El mismo día en que Guatemala mostraba al mundo el funcionamiento de
sus instituciones, los poderes formales del Estado mexicano simulaban,
como cada año, un ejercicio de rendición de cuentas.
En presencia de los titulares del Congreso y de la Suprema Corte de
Justicia de la Nación, el presidente Enrique Peña Nieto, como jefe del
Ejecutivo, leyó un farragoso e insustancial mensaje como parte de su
Tercer Informe de Gobierno.
Llamada a ser una práctica democrática, el informe de gobierno ha
sido una de las máximas simulaciones del sistema político mexicano.
Durante el régimen priista era una celebración en torno al presidente,
exaltado por la prensa y la clase política.
Esa celebración artificial se acabó con un impugnado Miguel de la
Madrid, a quien en su último informe de gobierno la oposición en el
Congreso le reprochó el fraude electoral que permitió la llegada de
Carlos Salinas.
El rechazo a las gestiones de Salinas y Ernesto Zedillo no pasó de
expresiones de inconformidad, más folclóricas que efectivas, en sus
informes de gobierno.
Los gobiernos del PAN no significaron ningún cambio. Es más, ni
siquiera pudieron ya pararse en el Congreso ante la división que
generaron. Vicente Fox ya no entró en el último año de su gobierno.

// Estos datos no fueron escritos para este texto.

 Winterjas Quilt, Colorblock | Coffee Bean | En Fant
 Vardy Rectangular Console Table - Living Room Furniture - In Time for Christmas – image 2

Luego, en un acto de vergüenza internacional, Felipe Calderón tuvo que
entrar por la puerta de atrás para jurar como presidente de la
República. Nunca más pudo regresar, excepto para entregar la banda
presidencial.
Inocuo para la vida democrática, el mensaje de Peña Nieto en torno a su tercer año de gobierno
dejó patente un gobierno agotado, que ya no tiene nada que ofrecer y
que la impunidad es el signo más ominoso de su administración, aunque
no es exclusiva de este gobierno.
La impunidad y la simulación son el signo del actual gobierno mexicano. El conflicto de interés (la llamada Casa Blanca y la residencia del secretario de Hacienda, Luis Videgaray),
las escuchas de los enjuagues en la Secretaría de Comunicaciones y
Transportes, los negocios particulares en torno a Pemex, las reiteradas
violaciones constitucionales del Partido Verde, la fuga del “Chapo”
Guzmán, las ejecuciones extrajudiciales y desapariciones forzadas por
parte del Estado, por no hablar de abusos y tropelías de gobiernos
estatales y locales, no han pasado del escándalo y la indignación.
En los años ochenta, el periodista estadunidense Allan Riding escribió en su libro Vecinos distantes
que la corrupción era el aceite y engrudo del sistema político
mexicano. Tres décadas después, con el reparto del poder, que no con el
equilibrio del poder, la corrupción sigue explicando a ese sistema,
pero la clase política mexicana ha hecho de la simulación su razón de
ser.
Los partidos han creado una institucionalidad en la que se cubren
unos a otros, dejando a México como un mero espectador de lo que ocurre
en la que es su segunda frontera estratégica.